Let \(\pi_i=u_i+iv_i\). Since

$2=(1+i)(1-i),$

we can write

$N_n=(1+i)(1-i)\prod_{i=1}^{r}\pi_i^{e_i}\overline{\pi_i}^{\,e_i}.$

Now choose integers \(s_i\) with \(0\le s_i\le e_i\). The Gaussian integer

$z=(1+i)\prod_{i=1}^{r}\pi_i^{s_i}\overline{\pi_i}^{\,e_i-s_i}$

has norm

$\mathcal{N}(z)=z\overline{z}=N_n.$

If \(z=x+iy\), then automatically

$x^2+y^2=N_n.$

The implementations enumerate exactly these exponent splits.
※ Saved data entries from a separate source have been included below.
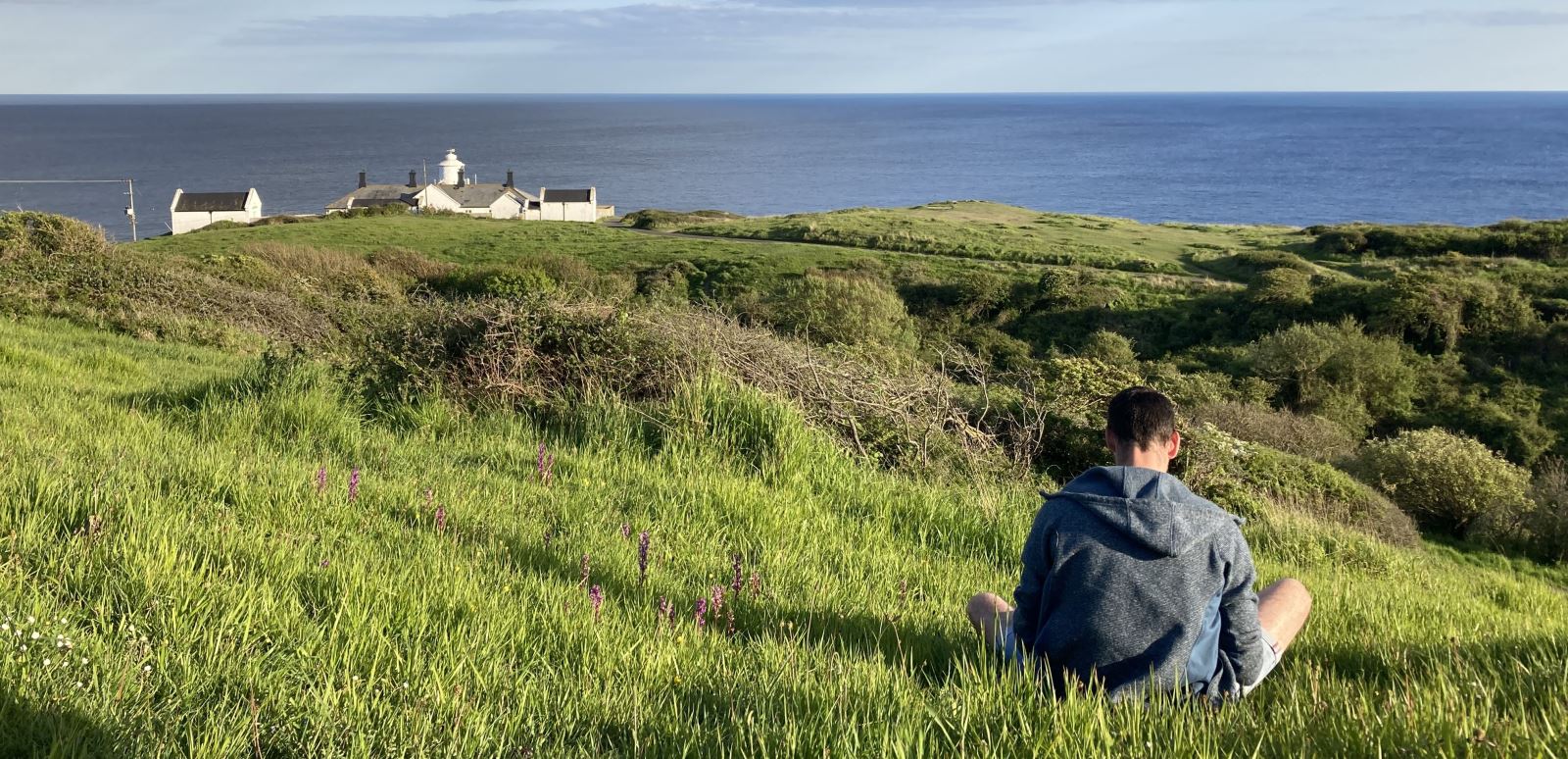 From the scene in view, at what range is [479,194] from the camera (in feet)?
294

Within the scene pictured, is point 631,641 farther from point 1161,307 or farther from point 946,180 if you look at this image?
point 946,180

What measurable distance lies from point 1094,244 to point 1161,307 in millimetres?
18029

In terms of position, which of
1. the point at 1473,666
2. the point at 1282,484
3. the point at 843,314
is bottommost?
the point at 1282,484

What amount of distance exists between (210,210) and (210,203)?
→ 0.79m

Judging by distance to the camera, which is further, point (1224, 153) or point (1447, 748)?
point (1224, 153)

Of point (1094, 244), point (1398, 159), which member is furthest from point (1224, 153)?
point (1094, 244)

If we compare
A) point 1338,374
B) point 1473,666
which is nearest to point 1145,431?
point 1473,666

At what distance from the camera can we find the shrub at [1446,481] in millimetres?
18953

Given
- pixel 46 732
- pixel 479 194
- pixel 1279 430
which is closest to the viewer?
pixel 46 732

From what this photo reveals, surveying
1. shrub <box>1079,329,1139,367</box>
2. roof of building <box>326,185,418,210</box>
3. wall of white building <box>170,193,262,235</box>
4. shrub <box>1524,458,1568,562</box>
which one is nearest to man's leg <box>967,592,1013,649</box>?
Answer: shrub <box>1524,458,1568,562</box>

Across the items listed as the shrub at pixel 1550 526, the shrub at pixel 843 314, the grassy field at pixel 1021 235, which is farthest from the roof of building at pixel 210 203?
the shrub at pixel 1550 526

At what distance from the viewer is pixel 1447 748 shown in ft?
7.53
Distinct primes contribute independently, so the total raw search space for one candidate is multiplicative in the exponents \(e_i\).

Step 4: Filter to the pentagonal representations only

Not every representation of \(N_n\) comes from pentagonal indices. The pair must satisfy the congruence condition

$x\equiv y\equiv 5\pmod 6,$

and both coordinates must be positive. Sign changes and swapping the coordinates do not create new decompositions of \(P_n\), so the implementations convert each representation to the canonical ordered pair

$\bigl(\max(|x|,|y|),\min(|x|,|y|)\bigr),$

discard zero coordinates, and keep only distinct pairs that survive the modulo-\(6\) test. Each surviving pair corresponds to exactly one choice of \((a,b)\) with \(a\ge b\).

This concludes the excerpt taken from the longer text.